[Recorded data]

-----

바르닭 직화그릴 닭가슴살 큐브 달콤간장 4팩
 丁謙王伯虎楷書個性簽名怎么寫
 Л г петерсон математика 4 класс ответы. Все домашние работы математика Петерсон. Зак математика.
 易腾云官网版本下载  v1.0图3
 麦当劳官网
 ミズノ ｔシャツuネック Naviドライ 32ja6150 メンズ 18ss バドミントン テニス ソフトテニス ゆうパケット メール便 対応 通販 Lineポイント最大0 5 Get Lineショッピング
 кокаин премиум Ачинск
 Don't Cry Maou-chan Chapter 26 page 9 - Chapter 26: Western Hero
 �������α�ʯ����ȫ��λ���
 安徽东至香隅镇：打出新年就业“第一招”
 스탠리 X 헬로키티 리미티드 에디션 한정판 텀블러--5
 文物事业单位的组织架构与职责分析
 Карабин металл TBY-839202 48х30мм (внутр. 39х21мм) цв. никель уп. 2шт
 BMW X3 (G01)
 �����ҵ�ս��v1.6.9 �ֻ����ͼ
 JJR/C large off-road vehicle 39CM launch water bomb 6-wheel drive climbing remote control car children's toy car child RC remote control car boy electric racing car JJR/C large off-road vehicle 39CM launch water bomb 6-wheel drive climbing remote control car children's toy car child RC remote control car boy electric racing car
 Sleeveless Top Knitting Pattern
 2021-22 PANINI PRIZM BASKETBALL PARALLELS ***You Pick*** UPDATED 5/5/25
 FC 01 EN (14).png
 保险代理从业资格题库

-----

Work to complete:
What you give back should be exactly the lines of the entries above from the one containing "BMW X3 (G01)" to the end, and nothing more.

Exercise solution:
 BMW X3 (G01)
 �����ҵ�ս��v1.6.9 �ֻ����ͼ
 JJR/C large off-road vehicle 39CM launch water bomb 6-wheel drive climbing remote control car children's toy car child RC remote control car boy electric racing car JJR/C large off-road vehicle 39CM launch water bomb 6-wheel drive climbing remote control car children's toy car child RC remote control car boy electric racing car
 Sleeveless Top Knitting Pattern
 2021-22 PANINI PRIZM BASKETBALL PARALLELS ***You Pick*** UPDATED 5/5/25
 FC 01 EN (14).png
 保险代理从业资格题库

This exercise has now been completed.